### EXERCISE
Return, without pictures, the lines from the start of the data through the one that contains "Smart, William portrait".

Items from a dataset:
+ + + + +
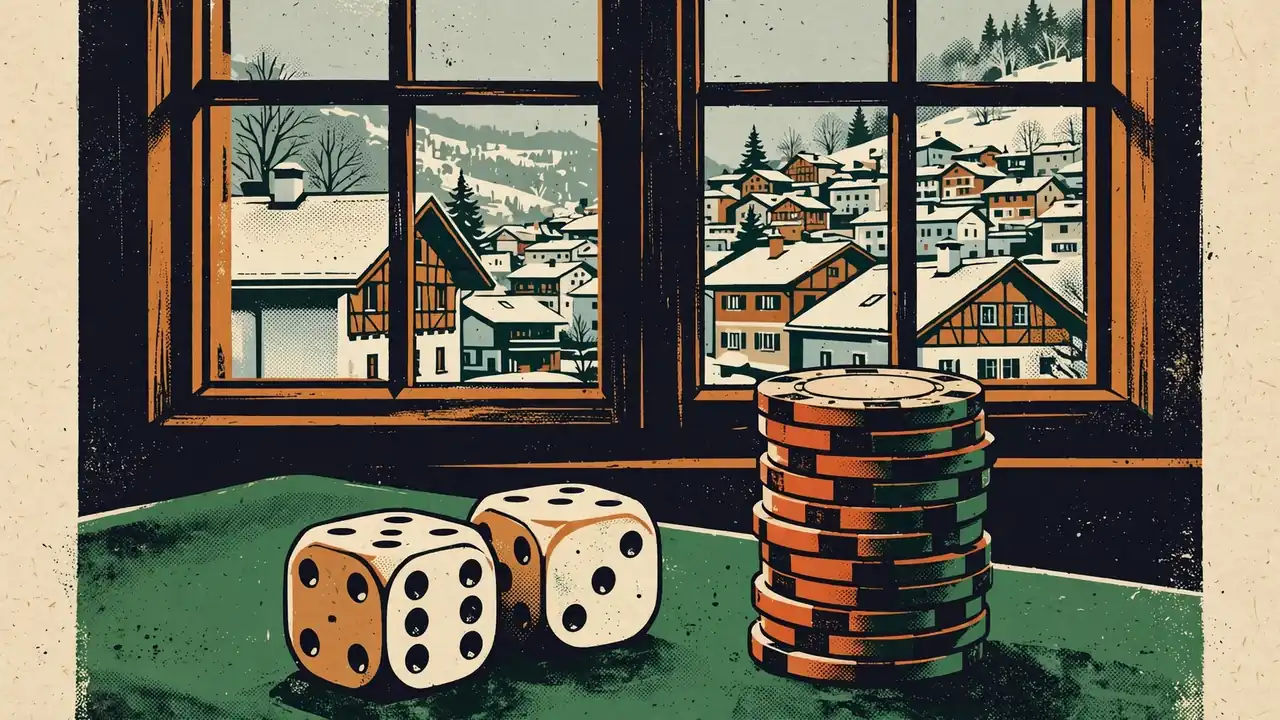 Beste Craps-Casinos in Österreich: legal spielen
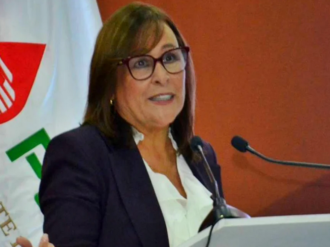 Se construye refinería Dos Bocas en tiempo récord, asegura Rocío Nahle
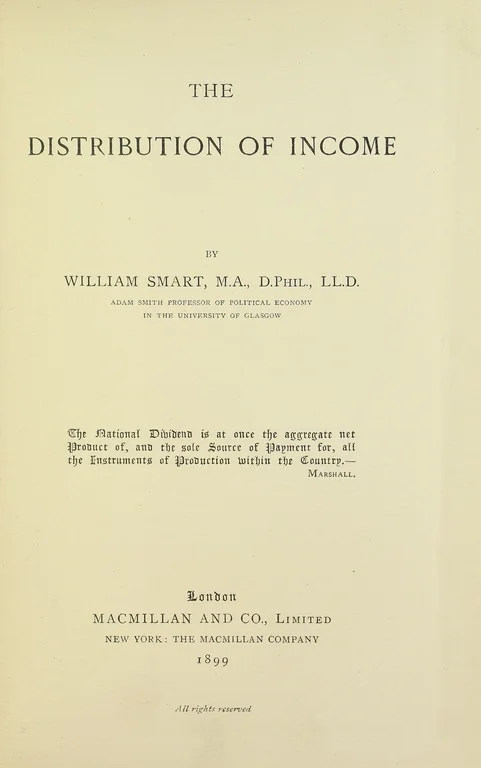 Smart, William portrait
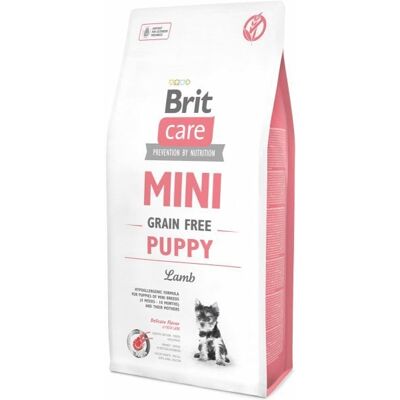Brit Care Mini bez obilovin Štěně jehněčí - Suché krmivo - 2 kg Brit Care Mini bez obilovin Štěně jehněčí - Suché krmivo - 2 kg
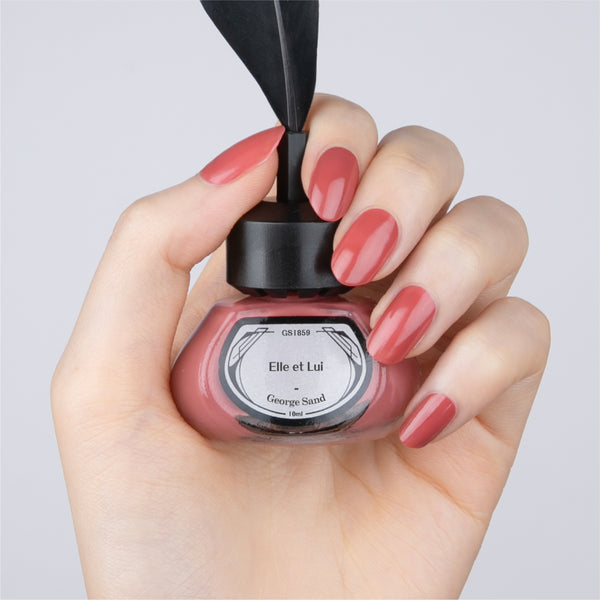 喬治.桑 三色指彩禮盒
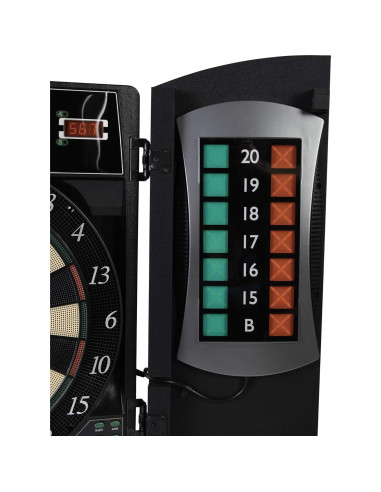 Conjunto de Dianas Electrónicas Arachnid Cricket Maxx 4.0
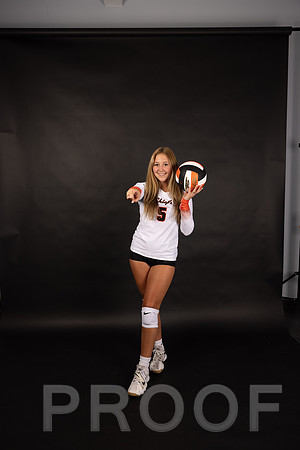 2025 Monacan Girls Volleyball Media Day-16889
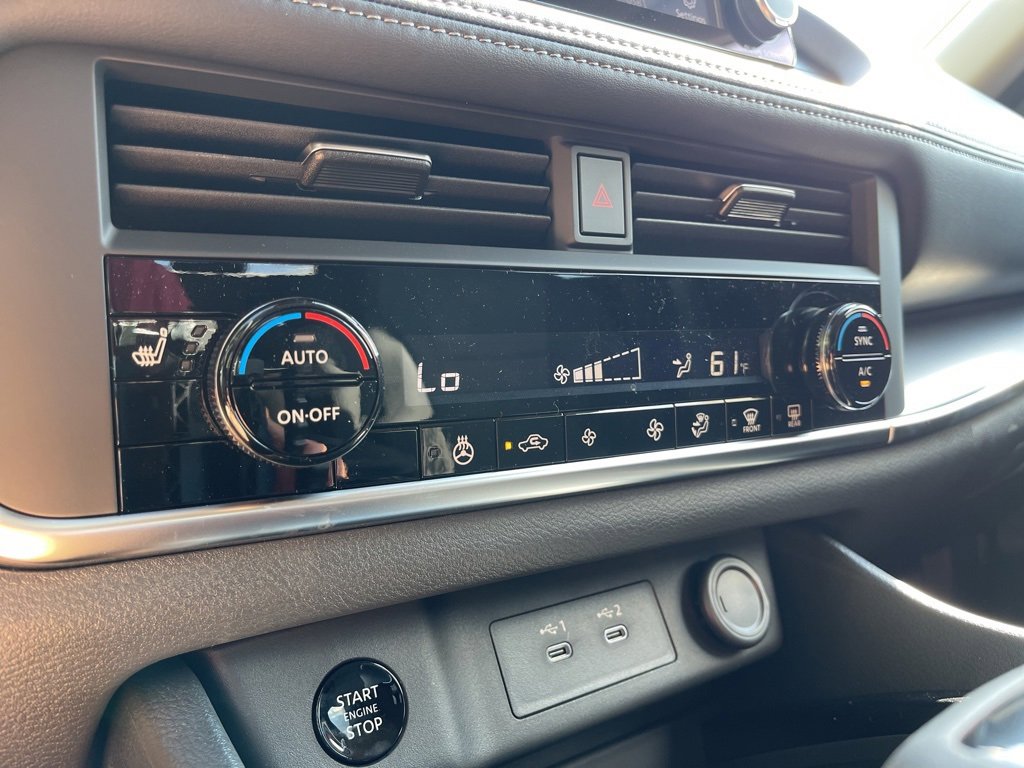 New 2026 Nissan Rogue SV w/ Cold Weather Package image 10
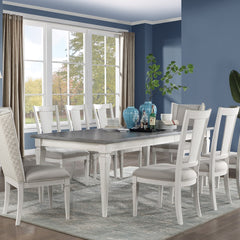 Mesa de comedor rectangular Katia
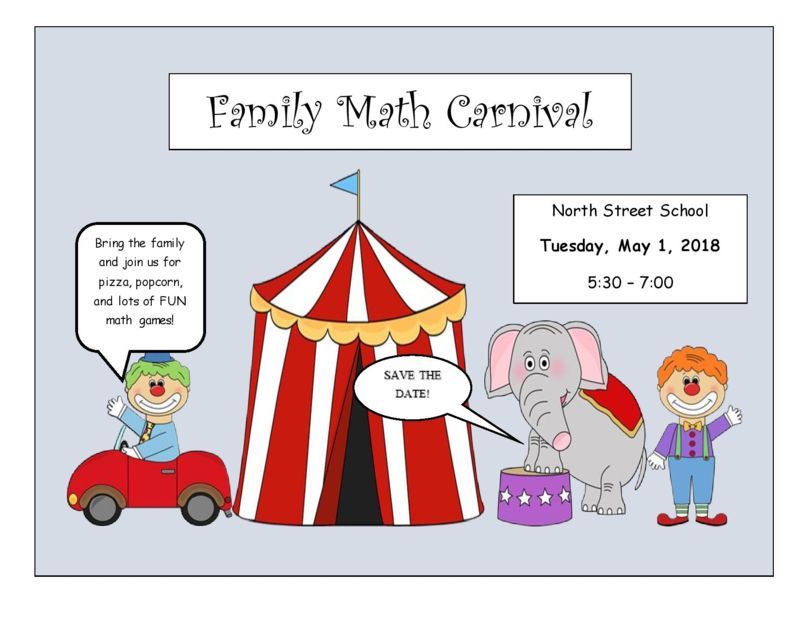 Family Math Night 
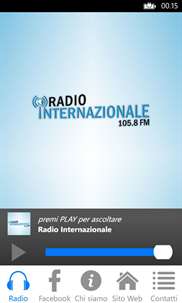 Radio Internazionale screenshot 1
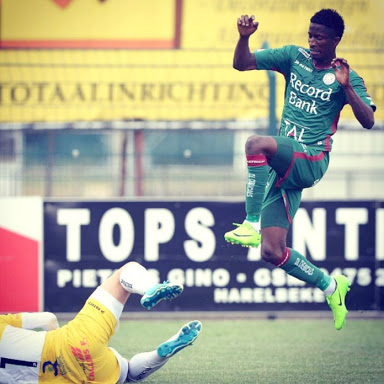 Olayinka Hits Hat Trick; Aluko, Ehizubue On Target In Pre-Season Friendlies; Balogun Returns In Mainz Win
+ + + + +
### RESPONSE BOX
 Beste Craps-Casinos in Österreich: legal spielen
 Se construye refinería Dos Bocas en tiempo récord, asegura Rocío Nahle
 Smart, William portrait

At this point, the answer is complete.